Start of Records to process

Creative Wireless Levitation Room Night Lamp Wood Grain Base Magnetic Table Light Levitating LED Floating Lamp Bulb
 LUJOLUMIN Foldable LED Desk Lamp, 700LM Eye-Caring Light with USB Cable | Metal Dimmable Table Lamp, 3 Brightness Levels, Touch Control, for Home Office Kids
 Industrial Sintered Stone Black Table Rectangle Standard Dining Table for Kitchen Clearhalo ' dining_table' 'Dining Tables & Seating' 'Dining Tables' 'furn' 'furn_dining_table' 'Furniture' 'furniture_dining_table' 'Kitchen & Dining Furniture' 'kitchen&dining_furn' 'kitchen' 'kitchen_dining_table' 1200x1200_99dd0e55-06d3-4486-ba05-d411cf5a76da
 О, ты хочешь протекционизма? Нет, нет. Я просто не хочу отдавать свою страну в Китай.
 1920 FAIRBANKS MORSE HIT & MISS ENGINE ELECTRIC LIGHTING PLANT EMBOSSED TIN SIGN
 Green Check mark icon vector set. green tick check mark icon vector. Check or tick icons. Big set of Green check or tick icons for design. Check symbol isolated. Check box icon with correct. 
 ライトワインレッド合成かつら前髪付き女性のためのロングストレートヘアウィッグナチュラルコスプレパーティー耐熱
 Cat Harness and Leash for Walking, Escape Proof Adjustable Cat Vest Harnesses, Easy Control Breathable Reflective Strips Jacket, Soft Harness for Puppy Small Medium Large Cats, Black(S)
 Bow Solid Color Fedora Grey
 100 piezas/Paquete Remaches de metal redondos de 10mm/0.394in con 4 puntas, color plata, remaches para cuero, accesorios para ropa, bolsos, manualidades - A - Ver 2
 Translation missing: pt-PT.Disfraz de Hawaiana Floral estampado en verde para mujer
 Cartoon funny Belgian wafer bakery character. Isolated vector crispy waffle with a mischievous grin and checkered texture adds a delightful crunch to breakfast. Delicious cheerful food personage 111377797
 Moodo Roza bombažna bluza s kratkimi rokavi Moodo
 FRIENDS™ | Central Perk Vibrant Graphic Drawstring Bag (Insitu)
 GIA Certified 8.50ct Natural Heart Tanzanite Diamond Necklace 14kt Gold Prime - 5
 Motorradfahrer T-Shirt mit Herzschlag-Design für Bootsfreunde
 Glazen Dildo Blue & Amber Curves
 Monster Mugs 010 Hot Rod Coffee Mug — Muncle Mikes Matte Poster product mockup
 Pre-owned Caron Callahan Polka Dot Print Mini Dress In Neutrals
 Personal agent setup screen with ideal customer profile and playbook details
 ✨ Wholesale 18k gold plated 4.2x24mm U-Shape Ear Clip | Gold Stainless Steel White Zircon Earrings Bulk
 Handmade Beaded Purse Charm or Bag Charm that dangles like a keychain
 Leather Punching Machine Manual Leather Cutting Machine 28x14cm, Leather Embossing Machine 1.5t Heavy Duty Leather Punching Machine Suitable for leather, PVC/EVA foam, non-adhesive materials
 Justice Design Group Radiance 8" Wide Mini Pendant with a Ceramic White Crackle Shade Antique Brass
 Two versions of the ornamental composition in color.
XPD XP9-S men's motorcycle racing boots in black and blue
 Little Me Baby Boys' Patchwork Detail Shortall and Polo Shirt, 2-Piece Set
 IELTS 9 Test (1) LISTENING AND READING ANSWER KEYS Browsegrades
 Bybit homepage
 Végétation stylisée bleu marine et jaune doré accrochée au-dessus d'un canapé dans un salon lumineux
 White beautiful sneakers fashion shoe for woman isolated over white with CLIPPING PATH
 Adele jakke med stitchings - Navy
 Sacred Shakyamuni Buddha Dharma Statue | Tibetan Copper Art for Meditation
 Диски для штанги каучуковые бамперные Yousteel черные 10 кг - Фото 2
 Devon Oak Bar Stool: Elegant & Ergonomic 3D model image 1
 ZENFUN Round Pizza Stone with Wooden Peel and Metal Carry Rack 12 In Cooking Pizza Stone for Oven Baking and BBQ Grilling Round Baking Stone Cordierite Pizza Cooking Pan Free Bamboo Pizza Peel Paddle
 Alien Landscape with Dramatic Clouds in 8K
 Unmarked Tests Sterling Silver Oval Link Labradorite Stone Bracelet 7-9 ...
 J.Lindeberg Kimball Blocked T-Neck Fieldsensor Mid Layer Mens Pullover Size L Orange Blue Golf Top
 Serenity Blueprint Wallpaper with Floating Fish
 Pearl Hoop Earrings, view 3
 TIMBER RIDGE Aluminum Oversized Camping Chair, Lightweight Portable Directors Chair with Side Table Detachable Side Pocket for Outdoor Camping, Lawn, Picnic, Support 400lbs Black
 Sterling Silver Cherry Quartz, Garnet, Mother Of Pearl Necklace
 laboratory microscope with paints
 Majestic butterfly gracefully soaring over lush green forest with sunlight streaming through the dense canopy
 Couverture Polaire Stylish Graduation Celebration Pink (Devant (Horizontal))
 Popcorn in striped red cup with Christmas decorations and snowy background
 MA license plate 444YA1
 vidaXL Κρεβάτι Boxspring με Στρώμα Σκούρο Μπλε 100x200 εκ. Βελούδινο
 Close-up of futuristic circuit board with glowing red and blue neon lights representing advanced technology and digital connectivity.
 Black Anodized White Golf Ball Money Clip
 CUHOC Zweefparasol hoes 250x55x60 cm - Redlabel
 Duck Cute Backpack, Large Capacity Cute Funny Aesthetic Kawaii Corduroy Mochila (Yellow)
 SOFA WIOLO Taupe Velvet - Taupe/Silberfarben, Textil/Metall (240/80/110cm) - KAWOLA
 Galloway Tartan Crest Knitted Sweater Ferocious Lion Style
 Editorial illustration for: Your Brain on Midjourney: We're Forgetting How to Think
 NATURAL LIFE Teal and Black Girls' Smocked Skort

End of Records to process

From the material above, copy every line where the word "Mini" is found.

 Pre-owned Caron Callahan Polka Dot Print Mini Dress In Neutrals
 Justice Design Group Radiance 8" Wide Mini Pendant with a Ceramic White Crackle Shade Antique Brass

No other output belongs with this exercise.